Credit: Courtesy of Xiao Liu; Norfaezah Adbullah, Duke-NUS
It is hard to imagine that less than ten years ago, pursuing a career in healthcare AI required curiosity as much as courage, in some cases even a steely resolve, and was definitely not for the faint of heart.
Fast forward to today, and the healthcare ecosystem is on the cusp of a revolution as AI’s role has matured from mere data handling to becoming a trusted cornerstone in personalised care.
To be ready for that, Daniel Ting, an associate professor with Duke-NUS, chief data and digital officer, Singapore National Eye Centre, and director of SingHealth’s AI Office; and Xiaoxuan (Xiao) Liu, an associate professor in AI and Digital Health Technologies and honorary clinician-scientist at the University of Birmingham and University Hospitals Birmingham NHS Foundation Trust, have joined an international effort to develop a consensus around the ethical use of AI in healthcare, called Collaborative Assessment for Responsible and Ethical AI Implementation (CARE-AI).
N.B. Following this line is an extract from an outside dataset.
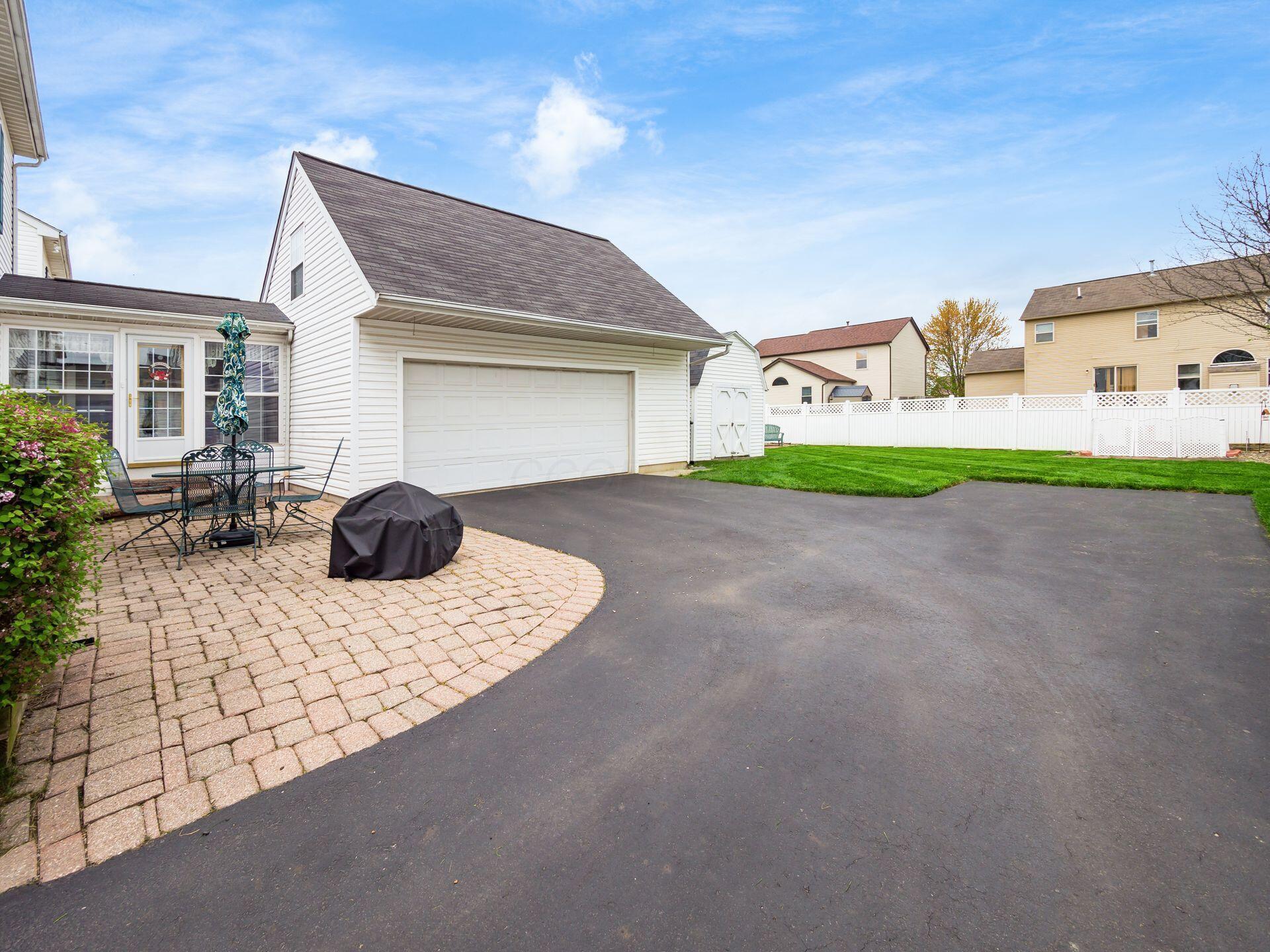 4456 Alameda Drive, Grove City, Ohio image 6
Nicole Lim, MEDICUS’ senior editor, speaks to them to find out more.
MEDICUS: Thank you for joining us. Most of us still grew up during a time before AI, so what drew you to this field?
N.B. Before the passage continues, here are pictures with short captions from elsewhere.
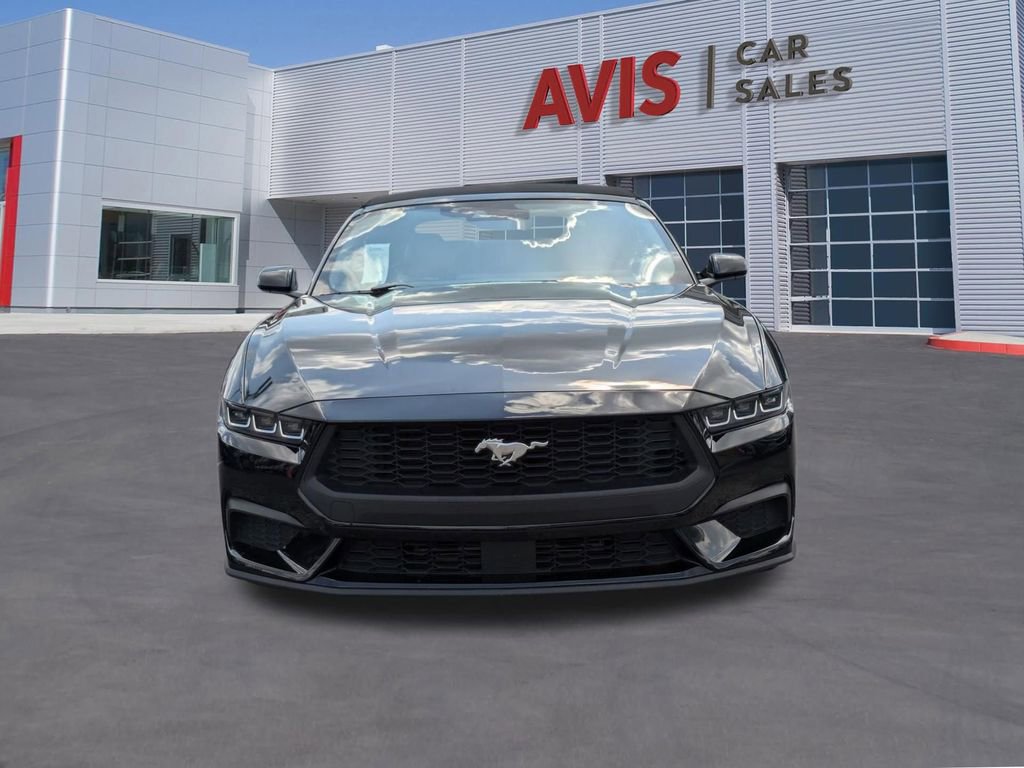 Used 2025 Ford Mustang Premium image 2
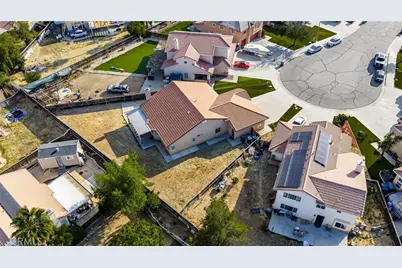 27195 Celtic, Menifee, CA 92585 - Photo 33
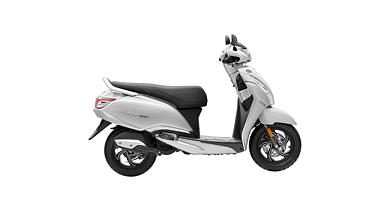 Images of TVS Jupiter 125 | Photos of Jupiter 125 - BikeWale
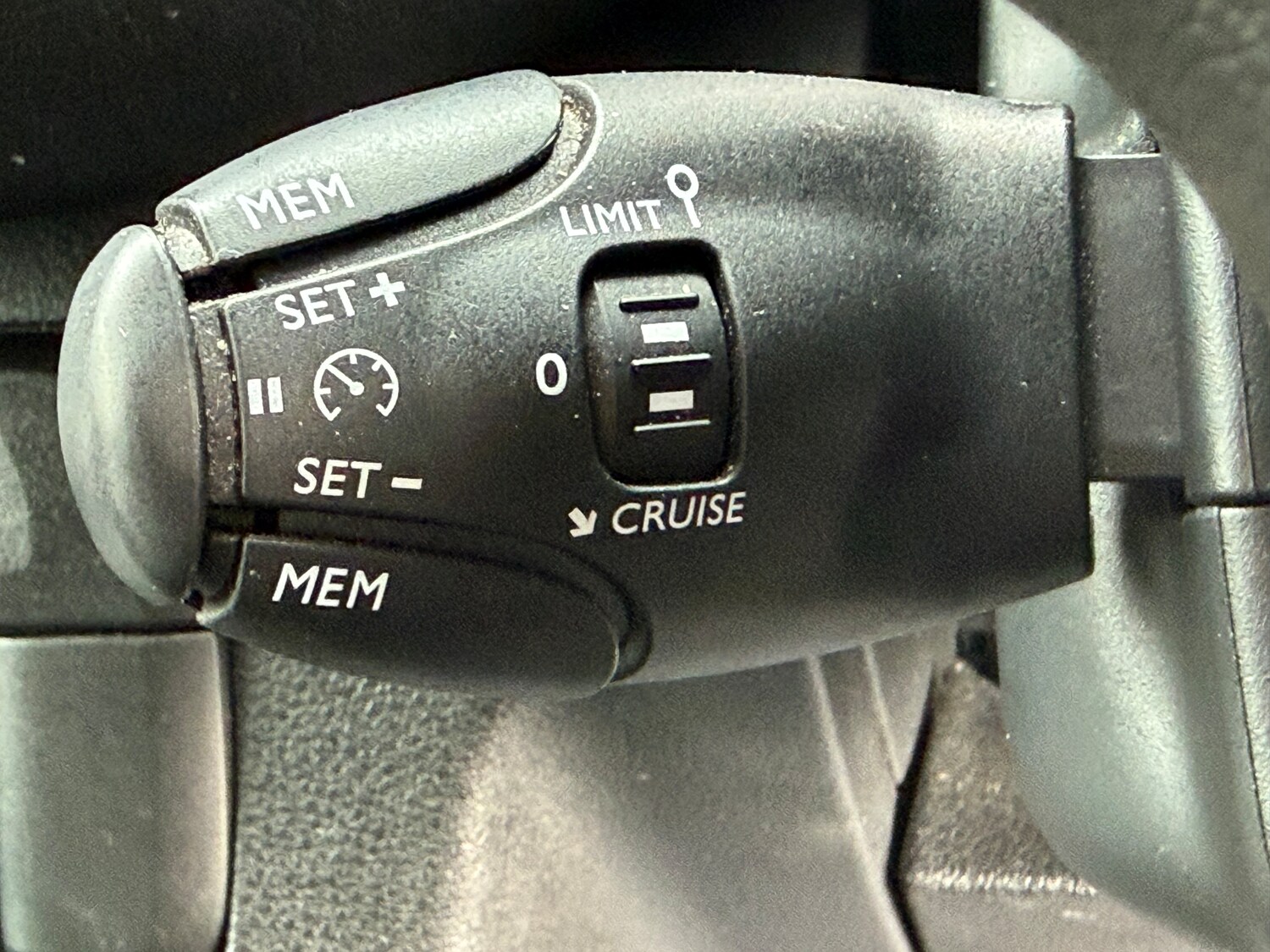 Used Peugeot Expert 2023 for sale - 76205376: Photo 25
Xiao Liu: I kind of stumbled into it. I was doing a PhD at the time looking at a diagnostic test on eye imaging. And around that time, which was 2017, 2018, there were tonnes of really big papers being published on AI in big journals like Nature and JAMA. I noticed that they had lots of methodological issues because I was working on that in my work. I started looking through the papers, scrutinising them a bit more, speaking to others, and then ended up doing a big piece of work looking at the diagnostic accuracy of AI in medical imaging. Because it was the first meta-analysis of diagnostic accuracy, it ended up getting a lot of attention. Our main message was: Look at all these methodological flaws, we can’t trust these results. That generated a lot of subsequent work that I went on to do around reporting standards, including developing the SPIRIT-AI and CONSORT-AI guidelines for AI clinical trials, and so on.
Even though my route of entry was around noticing problems, I was really excited about the technology and what it could do. And on a personal level, working on AI was a big step in terms of moving into a whole other discipline, with its own language, concepts and methods, and also its own culture. What I loved the most, and still love the most now, is that interdisciplinary collaboration.
Dan Ting: It really was by chance. First, when pursuing my PhD in Australia, I had a great mentor who had strong focus in ophthalmic innovation, and I decided to explore a project in which we combined portable retina cameras with the necessary software and basic medical imaging analytics to help screen for diabetic retinopathy. Then, I came to Singapore in 2012, and I was tasked to lead the AI lab in late 2013 or so prior to the pixel-based deep learning era for health.
With older feature-based AI techniques, the AI algorithm’s performance was sub-optimal for several years. In 2014, we saw how the advent of AlexNet revolutionised the computer vision domains and we decided to use convolutional neural networks to train our AI model. We did a first iteration, using VGGNet, and it shocked us. The performance increased from high 70s to low 90s. Just to be sure, we re-did the experiments multiple times and the performance was quite consistent. We started to prepare our manuscript around the same time that Google was working on a similar paper. Google, with all their resources and speed, got their first paper published in December 2016 in JAMA, while ours was under review at another journal. And sure enough, the journal rejected us. We’d lost the novelty. That was after we’d addressed some 400 reviewer comments in a week. That was probably the worst moment in my academic career, with many sleepless nights to work on the rebuttals. And it didn’t end there. I received ten consecutive rejections over the next six months because of the Google paper. I went from thinking we had the world’s greatest technology to multiple failures.
Despite all that, I had to continue because I hope that someone should sit between the technical team and the clinical team so that nothing gets lost in translation. Take Taipei 101 as an example. It’s more than just a skyscraper. The architect had to work out how to build a hundred-storey-high tower that can withstand typhoons and earthquakes. And that’s just as true for healthcare AI. For AI to work, you can’t just build an AI algorithm using medical datasets, you need the clinicians to construct the clinical and digital workflows to implement it in the real-world settings.